4. Don’t chase lost causes.
There is a large, and ever growing market in the area of on-line gambling, with worldwide revenues of upwards of $50 billion USD. However, the market may be considered new, but it still quite traditional, in the sense there are providers (the online bookmakers, casinos, etc.) and clients who place bets with providers. No more different from walking into a bookies shop, scrawling a horse’s name on a betting slip, and giving the cashier some money. And like traditional betting markets, between 95% and 98% of clients end up making a loss in the long term.
Do you see how ‘traditional’ on-line bookmaking can be… like its old-school cousin maybe only 2% of clients ever seeing a profit? It gets worse, as the vast majority of clients see a very minimal return, with maybe 99% of this 2% of clients barely breaking even. Sure, there’s probably a very, very, teeny-tiny number of punters who make significant gains, but lets face it, that won’t be you. The numbers are just too much against you with the way in which the majority of people gamble. Two principal factors serve to limit the vast majority of punter’s revenue possibilities – a lack of analytic capabilities, and a bias towards short term gain.

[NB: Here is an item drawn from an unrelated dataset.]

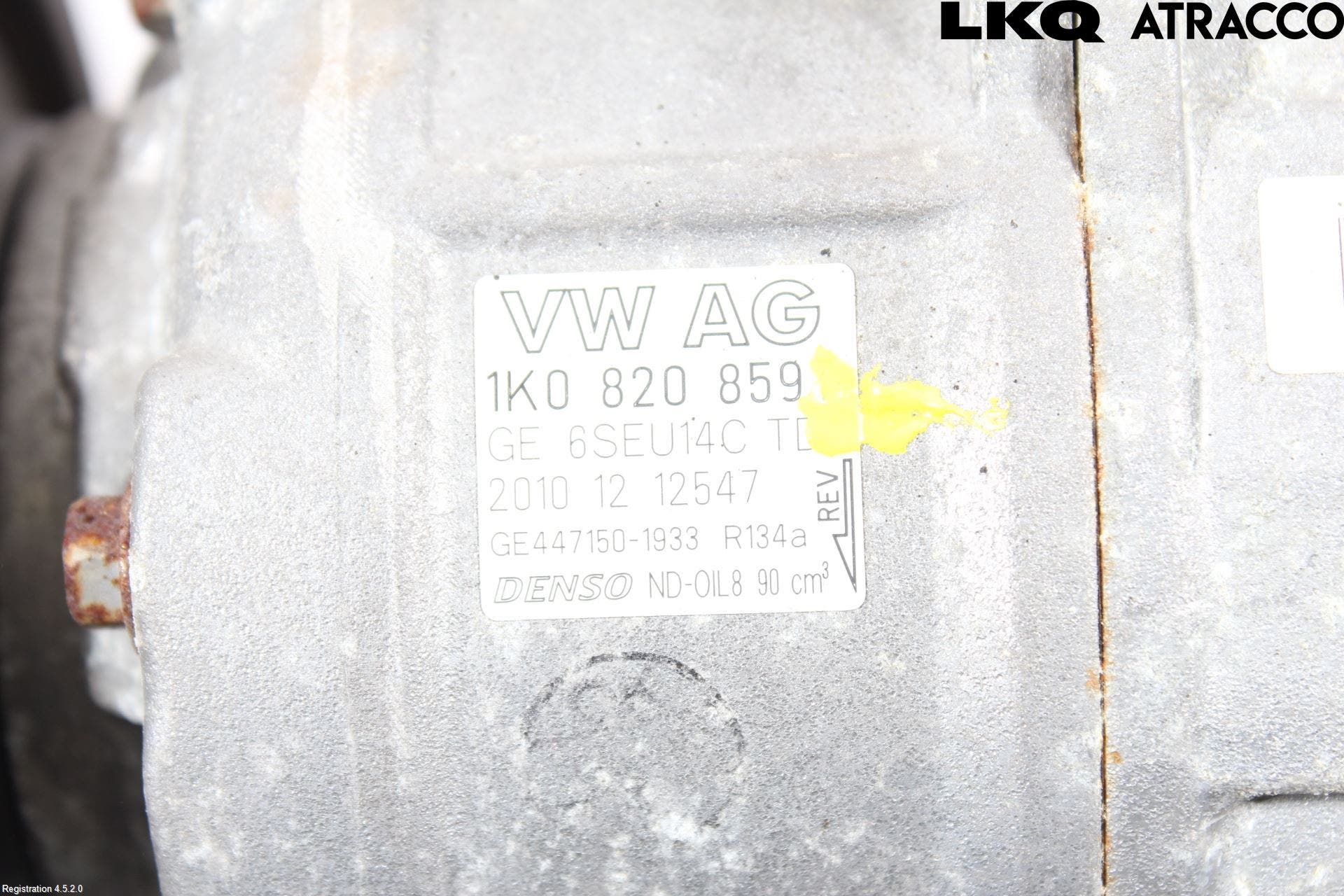 Volkswagen VW EOS 06-10 Ac Kompressor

Taking the latter factor first, colloquially, the long-term strategy is backed up by a story from a friend working in one of the major on-line bookmakers in the UK. One of their on-line clients was consistently making a large profit every quarter, and my friend was asked to analyze their betting behaviour. It turned out this individual was “merely” placing very large sums on almost sure-fire bets. Although the modest return for the large outlay was risky, this individual turned over sufficient revenue to compete with an executive-level salary. In short, this punter was playing the long-game, and it was paying off.
But back to analytics – how do most people place bets in the first place? Sure, some will study the odds, get the occasional tip and try for various savvy doubling-up or doubling-down strategies. However, the dull mass of betting clients will try to guess a lucky horse, have a bias towards a particular trainer, or refuse to bet against their favourite football team. All these inputs only serve to skew a cold analytical evaluation of the odds. While inside information and expert bias may work for well-informed players in the field, jockeys, reserve team coaches, etc., they are unavailable to the average punter in the street.
There is a niche is seems, to provide some guidance to a large swathe of impulsive, happy-go-lucky gamblers who trust instinct over data. I’m “betting” that at least some of them would take a data-driven approach if is was sufficiently accessible, available and workable. So, with that as a taster for the problem area, I’ll leave you to ponder what form such a client-serving analytics capability may take, and what you could do with a fair data-driven assessment of the odds for a match, horse-race or other sporting event. The betting companies build predictive models, so why shouldn’t you?